Minister of the Interior
- In office 1 August 1905 – 30 September 1905
- President: Germán Riesco
- In office 27 December 1900 – 14 March 1901
- President: Federico Errázuriz Echaurren

Minister of Justice and Public Instruction
- In office 18 June 1898 – 27 June 1898
- President: Federico Errázuriz Echaurren

Minister of War and Navy
- In office 6 October 1893 – 26 April 1894
- President: Jorge Montt

Member of the Chamber of Deputies
- In office 15 May 1885 – 1888
- Constituency: Lontué
- In office 1879–1882
- Constituency: Lontué

Personal details
- Party: Liberal Party
- Spouse: Teresa Puelma
- Parent(s): Marcos Orrego Garmendia Rafaela González
- Profession: Lawyer

= Juan Antonio Orrego =

Chilean lawyer and politician

Juan Antonio Orrego González was a Chilean lawyer and politician who served as a substitute member of the Chamber of Deputies of Chile and as a minister of state under presidents Jorge Montt, Federico Errázuriz Echaurren and Germán Riesco.

He also held several positions in the Chilean public administration, including undersecretary of the Ministry of War, general intendant of the Army and superintendent of the Casa de Moneda de Chile.

==Early life==
Orrego was the son of Marcos Orrego Garmendia and Rafaela González. He married Teresa Puelma, with whom he had children.

He entered the Chilean public administration in 1872, several years before qualifying as a lawyer on 1 August 1888. During his administrative career, he served as an official of the Ministry of Public Instruction, undersecretary of the Ministry of War, general intendant of the Army and, later, superintendent of the Casa de Moneda.

==Political career==
A member of the Liberal Party, Orrego was elected substitute deputy for Lontué for the 1879–1882 legislative term. He was reelected as substitute deputy for the same constituency for the 1885–1888 term.
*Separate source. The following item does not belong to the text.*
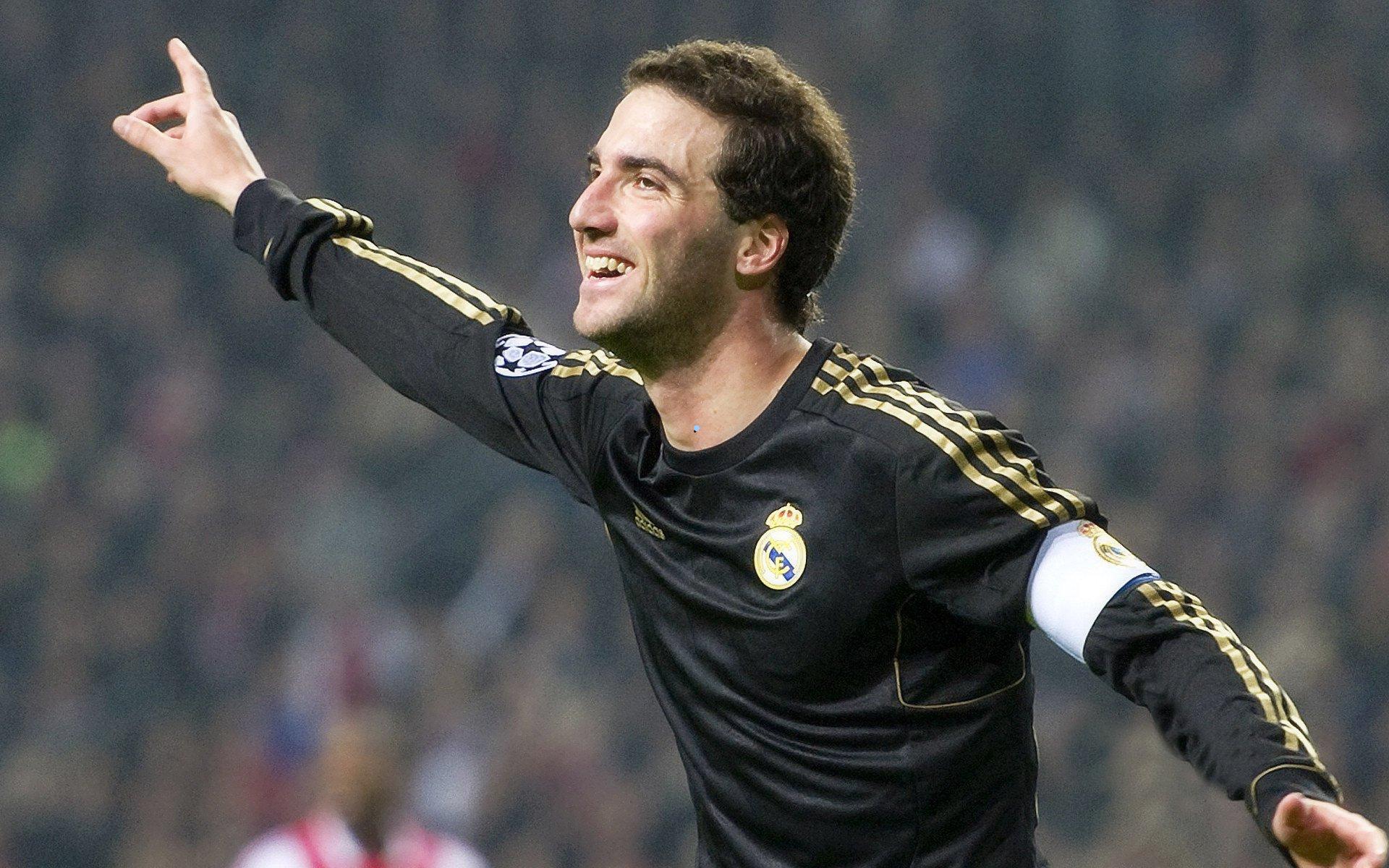 pg电子官网|曼联内部震动，前球星评论引发风波，俱乐部公开批评斯科尔斯与巴特针对利桑德罗的言论-第2张图片-pg模拟器-pg电子模拟器-pg试玩游戏官网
During his second parliamentary term, he served as provisional secretary of the Chamber of Deputies from 15 May to 2 June 1885 and subsequently as secretary of the Chamber until 18 October 1887.

During the 1891 Chilean Civil War, while serving as undersecretary of War, Orrego joined the forces opposed to President José Manuel Balmaceda and served as secretary of their headquarters. On 2 July 1891, he was appointed aide-de-camp to the commander-in-chief. Following the Battle of Placilla, the Government Junta appointed him intendant and commissary general of the Army by decree on 9 September 1891.

President Jorge Montt appointed Orrego Minister of War and Navy on 6 October 1893. He remained in office until 26 April 1894.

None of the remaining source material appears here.